> _What to do_:
Please give back each line of the listing, unchanged in every word.
• • • • •
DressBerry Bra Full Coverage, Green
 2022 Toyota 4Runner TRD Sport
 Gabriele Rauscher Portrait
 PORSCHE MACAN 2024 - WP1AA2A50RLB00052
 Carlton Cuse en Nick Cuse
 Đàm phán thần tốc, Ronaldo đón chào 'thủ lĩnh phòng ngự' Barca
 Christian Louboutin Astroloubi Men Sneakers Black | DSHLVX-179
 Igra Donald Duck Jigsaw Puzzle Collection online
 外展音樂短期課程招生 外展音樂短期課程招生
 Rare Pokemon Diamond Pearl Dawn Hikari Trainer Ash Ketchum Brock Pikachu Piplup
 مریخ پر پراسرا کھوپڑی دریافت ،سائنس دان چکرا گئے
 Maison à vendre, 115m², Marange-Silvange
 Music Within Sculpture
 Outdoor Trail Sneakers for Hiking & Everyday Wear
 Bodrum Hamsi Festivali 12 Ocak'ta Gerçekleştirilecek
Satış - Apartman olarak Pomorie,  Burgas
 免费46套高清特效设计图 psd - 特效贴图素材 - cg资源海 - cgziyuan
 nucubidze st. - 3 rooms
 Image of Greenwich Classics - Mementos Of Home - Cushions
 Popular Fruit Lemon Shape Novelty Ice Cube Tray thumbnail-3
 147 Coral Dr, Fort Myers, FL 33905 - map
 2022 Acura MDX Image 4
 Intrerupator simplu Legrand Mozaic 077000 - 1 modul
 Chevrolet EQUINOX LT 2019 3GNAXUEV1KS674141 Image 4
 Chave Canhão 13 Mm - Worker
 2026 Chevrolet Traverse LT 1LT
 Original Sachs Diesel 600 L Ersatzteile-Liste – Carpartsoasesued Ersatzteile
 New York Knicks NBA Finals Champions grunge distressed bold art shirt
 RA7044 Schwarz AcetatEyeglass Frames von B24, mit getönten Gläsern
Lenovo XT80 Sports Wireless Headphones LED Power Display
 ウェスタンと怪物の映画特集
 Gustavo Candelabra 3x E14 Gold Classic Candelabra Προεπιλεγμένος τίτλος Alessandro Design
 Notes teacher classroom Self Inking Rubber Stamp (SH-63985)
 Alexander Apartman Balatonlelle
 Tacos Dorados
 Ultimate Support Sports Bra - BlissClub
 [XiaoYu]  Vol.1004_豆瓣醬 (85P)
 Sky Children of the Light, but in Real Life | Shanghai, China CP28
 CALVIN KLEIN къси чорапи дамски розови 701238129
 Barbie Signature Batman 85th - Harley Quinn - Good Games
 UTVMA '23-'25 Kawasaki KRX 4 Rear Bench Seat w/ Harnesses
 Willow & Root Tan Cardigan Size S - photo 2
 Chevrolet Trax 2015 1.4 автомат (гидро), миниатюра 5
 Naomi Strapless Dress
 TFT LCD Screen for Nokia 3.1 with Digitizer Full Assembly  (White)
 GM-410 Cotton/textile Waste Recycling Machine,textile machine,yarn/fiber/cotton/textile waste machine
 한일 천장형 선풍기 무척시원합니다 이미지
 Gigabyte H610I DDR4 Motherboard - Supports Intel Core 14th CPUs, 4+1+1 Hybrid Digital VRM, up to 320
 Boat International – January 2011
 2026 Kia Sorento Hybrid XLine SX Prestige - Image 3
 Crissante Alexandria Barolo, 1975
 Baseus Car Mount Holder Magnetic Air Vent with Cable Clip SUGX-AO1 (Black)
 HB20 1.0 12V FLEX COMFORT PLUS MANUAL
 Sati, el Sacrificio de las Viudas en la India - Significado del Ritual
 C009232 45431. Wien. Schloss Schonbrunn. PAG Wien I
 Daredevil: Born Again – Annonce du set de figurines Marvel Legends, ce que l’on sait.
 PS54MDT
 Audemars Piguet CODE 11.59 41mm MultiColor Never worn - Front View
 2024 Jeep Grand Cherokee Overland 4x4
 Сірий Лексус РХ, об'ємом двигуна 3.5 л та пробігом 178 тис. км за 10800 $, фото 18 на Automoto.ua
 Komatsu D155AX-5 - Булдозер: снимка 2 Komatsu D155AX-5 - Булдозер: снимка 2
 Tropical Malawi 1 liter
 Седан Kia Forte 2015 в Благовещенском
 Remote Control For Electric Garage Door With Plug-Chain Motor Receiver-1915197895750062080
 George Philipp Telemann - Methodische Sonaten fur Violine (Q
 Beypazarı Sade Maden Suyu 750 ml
• • • • •
> _Answer to this task_:
DressBerry Bra Full Coverage, Green
 2022 Toyota 4Runner TRD Sport
 Gabriele Rauscher Portrait
 PORSCHE MACAN 2024 - WP1AA2A50RLB00052
 Carlton Cuse en Nick Cuse
 Đàm phán thần tốc, Ronaldo đón chào 'thủ lĩnh phòng ngự' Barca
 Christian Louboutin Astroloubi Men Sneakers Black | DSHLVX-179
 Igra Donald Duck Jigsaw Puzzle Collection online
 外展音樂短期課程招生 外展音樂短期課程招生
 Rare Pokemon Diamond Pearl Dawn Hikari Trainer Ash Ketchum Brock Pikachu Piplup
 مریخ پر پراسرا کھوپڑی دریافت ،سائنس دان چکرا گئے
 Maison à vendre, 115m², Marange-Silvange
 Music Within Sculpture
 Outdoor Trail Sneakers for Hiking & Everyday Wear
 Bodrum Hamsi Festivali 12 Ocak'ta Gerçekleştirilecek
Satış - Apartman olarak Pomorie,  Burgas
 免费46套高清特效设计图 psd - 特效贴图素材 - cg资源海 - cgziyuan
 nucubidze st. - 3 rooms
 Image of Greenwich Classics - Mementos Of Home - Cushions
 Popular Fruit Lemon Shape Novelty Ice Cube Tray thumbnail-3
 147 Coral Dr, Fort Myers, FL 33905 - map
 2022 Acura MDX Image 4
 Intrerupator simplu Legrand Mozaic 077000 - 1 modul
 Chevrolet EQUINOX LT 2019 3GNAXUEV1KS674141 Image 4
 Chave Canhão 13 Mm - Worker
 2026 Chevrolet Traverse LT 1LT
 Original Sachs Diesel 600 L Ersatzteile-Liste – Carpartsoasesued Ersatzteile
 New York Knicks NBA Finals Champions grunge distressed bold art shirt
 RA7044 Schwarz AcetatEyeglass Frames von B24, mit getönten Gläsern
Lenovo XT80 Sports Wireless Headphones LED Power Display
 ウェスタンと怪物の映画特集
 Gustavo Candelabra 3x E14 Gold Classic Candelabra Προεπιλεγμένος τίτλος Alessandro Design
 Notes teacher classroom Self Inking Rubber Stamp (SH-63985)
 Alexander Apartman Balatonlelle
 Tacos Dorados
 Ultimate Support Sports Bra - BlissClub
 [XiaoYu]  Vol.1004_豆瓣醬 (85P)
 Sky Children of the Light, but in Real Life | Shanghai, China CP28
 CALVIN KLEIN къси чорапи дамски розови 701238129
 Barbie Signature Batman 85th - Harley Quinn - Good Games
 UTVMA '23-'25 Kawasaki KRX 4 Rear Bench Seat w/ Harnesses
 Willow & Root Tan Cardigan Size S - photo 2
 Chevrolet Trax 2015 1.4 автомат (гидро), миниатюра 5
 Naomi Strapless Dress
 TFT LCD Screen for Nokia 3.1 with Digitizer Full Assembly  (White)
 GM-410 Cotton/textile Waste Recycling Machine,textile machine,yarn/fiber/cotton/textile waste machine
 한일 천장형 선풍기 무척시원합니다 이미지
 Gigabyte H610I DDR4 Motherboard - Supports Intel Core 14th CPUs, 4+1+1 Hybrid Digital VRM, up to 320
 Boat International – January 2011
 2026 Kia Sorento Hybrid XLine SX Prestige - Image 3
 Crissante Alexandria Barolo, 1975
 Baseus Car Mount Holder Magnetic Air Vent with Cable Clip SUGX-AO1 (Black)
 HB20 1.0 12V FLEX COMFORT PLUS MANUAL
 Sati, el Sacrificio de las Viudas en la India - Significado del Ritual
 C009232 45431. Wien. Schloss Schonbrunn. PAG Wien I
 Daredevil: Born Again – Annonce du set de figurines Marvel Legends, ce que l’on sait.
 PS54MDT
 Audemars Piguet CODE 11.59 41mm MultiColor Never worn - Front View
 2024 Jeep Grand Cherokee Overland 4x4
 Сірий Лексус РХ, об'ємом двигуна 3.5 л та пробігом 178 тис. км за 10800 $, фото 18 на Automoto.ua
 Komatsu D155AX-5 - Булдозер: снимка 2 Komatsu D155AX-5 - Булдозер: снимка 2
 Tropical Malawi 1 liter
 Седан Kia Forte 2015 в Благовещенском
 Remote Control For Electric Garage Door With Plug-Chain Motor Receiver-1915197895750062080
 George Philipp Telemann - Methodische Sonaten fur Violine (Q
 Beypazarı Sade Maden Suyu 750 ml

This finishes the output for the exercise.